Ghosthunt, Jo Clayton (1983)
Review by Ian Sales
Ghosthunt is the seventh book in Clayton’s nine-book Diadem series. The heroine of the series is Aleytys, an unsophisticated, and extremely beautiful, young woman from a low tech planet who becomes the inadvertent wearer of the Diadem, an alien device which contains the consciousnesses of three previous wearers. The Diadem also gives Aleytys psionic powers. After several books in which Aleytys was sold into, and then escaped from, sexual slavery, she now works for Hunters, Inc., who do exactly what their name implies – part-mercenary, part-private investigators, part-recovery agent, and very expensive. She also has a son, who is with his father on her home world. She knows the father hates her, and suspects her son will be raised to do the same. Except her son is not with his father…

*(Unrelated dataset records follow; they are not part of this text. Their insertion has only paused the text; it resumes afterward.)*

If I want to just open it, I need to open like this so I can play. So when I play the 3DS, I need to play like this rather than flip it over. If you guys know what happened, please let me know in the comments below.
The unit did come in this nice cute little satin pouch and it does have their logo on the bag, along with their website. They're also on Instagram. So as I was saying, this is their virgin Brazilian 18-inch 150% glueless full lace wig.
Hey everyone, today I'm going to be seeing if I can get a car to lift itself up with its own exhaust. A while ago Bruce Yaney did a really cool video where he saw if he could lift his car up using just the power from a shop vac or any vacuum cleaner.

Hunters, Inc. are contacted by the management of the Company resort world Cazarit. Several people have been kidnapped from it, and the world’s security has been unable to determine the perpetrator. Worse, they have an upcoming party of rulers from the Aghir, and they think the kidnapper will target one of them. Aleytys is reluctant to take the case, but thinks she detects the hand of an old friend in the kidnappings and so signs on, providing she gets to choose what happens to the perpetrator.
Meanwhile, Lilit, teenage daughter of one of the Aghir lords, is about to be married off to another lord. She hates her intended, her father, and pretty much everything about her world. It is a cruel place, in which the rulers live in luxury while those who mine the metals which have made the worlds wealthy live in poverty in a barely habitable alien ecosphere. Lilit is keeping a diary, and her writings in it explain her world and how she came to secretly join a rebellion against her father and the other lords.

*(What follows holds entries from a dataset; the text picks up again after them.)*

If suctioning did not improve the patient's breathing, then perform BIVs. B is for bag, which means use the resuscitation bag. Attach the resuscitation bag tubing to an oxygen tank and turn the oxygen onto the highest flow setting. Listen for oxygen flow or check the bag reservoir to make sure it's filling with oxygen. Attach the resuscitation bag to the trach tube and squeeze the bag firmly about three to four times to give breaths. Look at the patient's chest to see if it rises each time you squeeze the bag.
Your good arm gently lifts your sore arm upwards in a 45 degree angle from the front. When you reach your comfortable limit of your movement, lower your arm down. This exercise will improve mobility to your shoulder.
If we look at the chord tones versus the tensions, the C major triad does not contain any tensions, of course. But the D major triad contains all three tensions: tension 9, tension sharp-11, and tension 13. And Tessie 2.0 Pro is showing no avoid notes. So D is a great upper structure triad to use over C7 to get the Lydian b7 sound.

Aleytys arrives on Cazarit, with her boss’s daughter as assistant, and immediately begins browbeating the local security staff into giving her full access to everything. They’re reluctant because their failure reflects badly on them, but she can’t figure out who the kidnapper is before he strikes unless she go where she needs and see what she wants. This turns into a guided tour of Cazarit, with its many islands, each of which is dedicated to a different type of entertainment – one for gambling, one for cruelty, one for drugs, etc.

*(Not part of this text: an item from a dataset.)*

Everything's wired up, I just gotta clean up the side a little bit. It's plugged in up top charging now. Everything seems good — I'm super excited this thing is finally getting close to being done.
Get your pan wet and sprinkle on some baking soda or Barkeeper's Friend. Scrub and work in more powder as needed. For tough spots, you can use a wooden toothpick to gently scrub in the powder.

The kidnapper is indeed Aleytys’s old friend Stavver, and he has her son with him and is teaching him the trade. Meanwhile, Lilit has decided to be a suicide bomber, and she will detonate the bomb hidden in her wedding finery at the celebration on Cazarit when she is presented to the lords of the Aghir and her new groom.
Aleytys quickly uncovers how the previous victims were kidnapped – the highly technological security team had looked for flaws in their system, and found none. The kidnapper pretty much climbed over a fence. They had not thought to look for such a low tech approach.
The plot takes its time getting to the climax, but when it does reach it everything goes pretty much as expected. Aleytys’s powers are dialled back in this novel, only making an appearance as and when required to help her do her job. Even her companions inside the Diadem – only two of them, as one has taken over another man’s body, as detailed in the previous book, The Nowhere Hunt – only pop up once or twice in the narrative. If Ghosthunt feels more like heartland science fiction than earlier books’ peplum space opera, there are plenty of flashbacks to remind the reader of Aleytys’s brutal past. And, of course, the worlds of the Aghir are equally brutal – I shall never understand the appeal of such societies in science fiction. Ghosthunt feels a more cosmopolitan novel than previous ones in the series, and the badinage between Aleytys and her assistant almost a faint tinge of Heinlein to it. Of course, she is still a super-special heroine with super-special powers, and they have a tendency to overwhelm the plot, which is likely why Clayton dialled them back in this novel.
Ghosthunt is one of the better entries in the Diadem series, though none of them can ever be called classic science fiction. It was followed by The Snares of Ibex and Questor’s Endgame.